Dans une discussion par courriel avec Lifewire, Nikolas Cemerikic, ingénieur en cybersécurité chez Immersive Labs, a expliqué que Follina est unique. Il n’emprunte pas la voie habituelle de l’utilisation abusive des macros de bureau, c’est pourquoi il peut même faire des ravages chez les personnes qui ont désactivé les macros.
« Pendant de nombreuses années, le hameçonnage par courrier électronique, associé à des documents Word malveillants, a été le moyen le plus efficace d’accéder au système d’un utilisateur », a souligné M. Cemerikic. « Le risque est désormais accru par l’attaque Follina, car la victime n’a qu’à ouvrir un document ou, dans certains cas, à en afficher un aperçu via le volet d’aperçu de Windows, tout en supprimant la nécessité d’approuver les avertissements de sécurité. »
Microsoft n’a pas tardé à mettre en avant quelques mesures de remédiation pour atténuer les risques posés par Follina. « Les mesures d’atténuation disponibles sont des solutions de contournement désordonnées dont l’industrie n’a pas eu le temps d’étudier l’impact », a écrit John Hammond, chercheur principal en sécurité chez Huntress, dans le blog de plongée approfondie de la société sur le bug. « Elles impliquent la modification des paramètres du registre Windows, ce qui est une affaire sérieuse car une entrée incorrecte du registre peut bloquer votre machine. »
Cette vulnérabilité devrait tout de même figurer en tête de la liste des choses à craindre.
Alors que Microsoft n’a pas publié de correctif officiel pour résoudre le problème, le projet 0patch en a publié un non officiel.
Mitja Kolsek, cofondateur du projet 0patch, explique qu’il serait simple de désactiver l’outil de diagnostic de Microsoft ou de codifier les mesures correctives de Microsoft dans un patch, mais que le projet a opté pour une approche différente, car ces deux approches auraient un impact négatif sur les performances de l’outil de diagnostic.
Cela ne fait que commencer
Les fournisseurs de cybersécurité ont déjà commencé à constater que la faille est activement exploitée contre certaines cibles de premier plan aux États-Unis et en Europe.
Bien que tous les exploits actuels dans la nature semblent utiliser des documents Office, Follina peut être exploité par d’autres vecteurs d’attaque, a expliqué M. Cemerikic.
Expliquant pourquoi il pense que Follina n’est pas prêt de disparaître, M. Cemerikic explique que, comme pour tout exploit ou vulnérabilité majeure, les pirates finissent par développer et publier des outils pour faciliter les efforts d’exploitation.
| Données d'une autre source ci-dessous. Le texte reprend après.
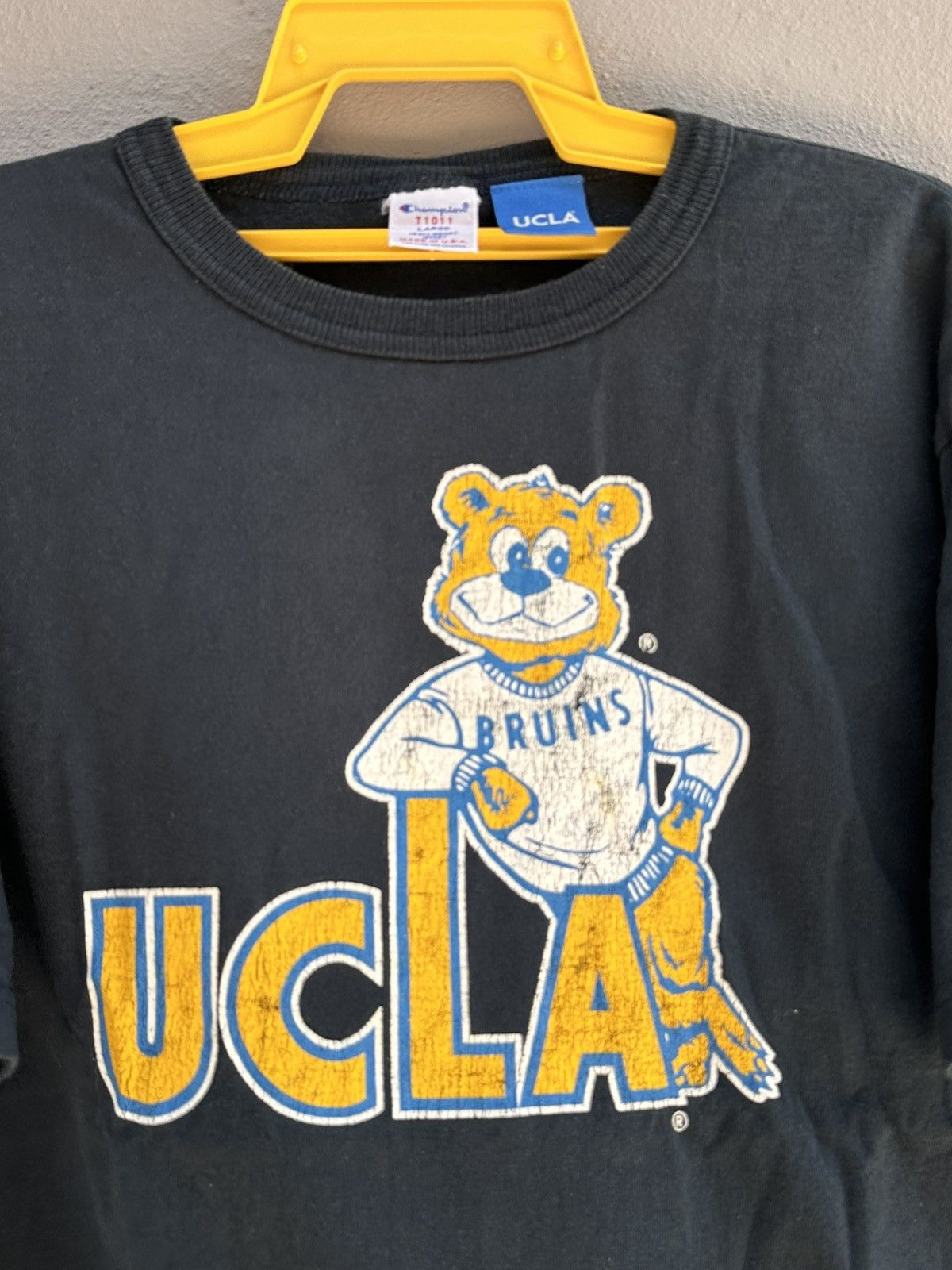 Champion Vintage Champion UCLA Bruins Bear Faded Usa Tee Size US L / EU 52-54 / 3 - 2 Thumbnail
Cela transforme essentiellement ces exploits plutôt complexes en attaques de type « pointer-cliquer ».
Les attaquants n’ont plus besoin de comprendre le fonctionnement de l’attaque ou d’enchaîner une série de vulnérabilités, il leur suffit de cliquer sur « exécuter » un outil », a déclaré M. Cemerikic.
Selon lui, c’est exactement ce à quoi la communauté de la cybersécurité a assisté la semaine dernière, avec un exploit très sérieux mis entre les mains d’attaquants moins capables ou non éduqués et de script kiddies.
« Plus le temps passe, plus ces outils sont disponibles, plus Follina sera utilisé comme méthode de diffusion de logiciels malveillants pour compromettre les machines cibles », a averti M. Cemerikic, qui a exhorté les utilisateurs à appliquer sans délai des correctifs à leurs machines Windows.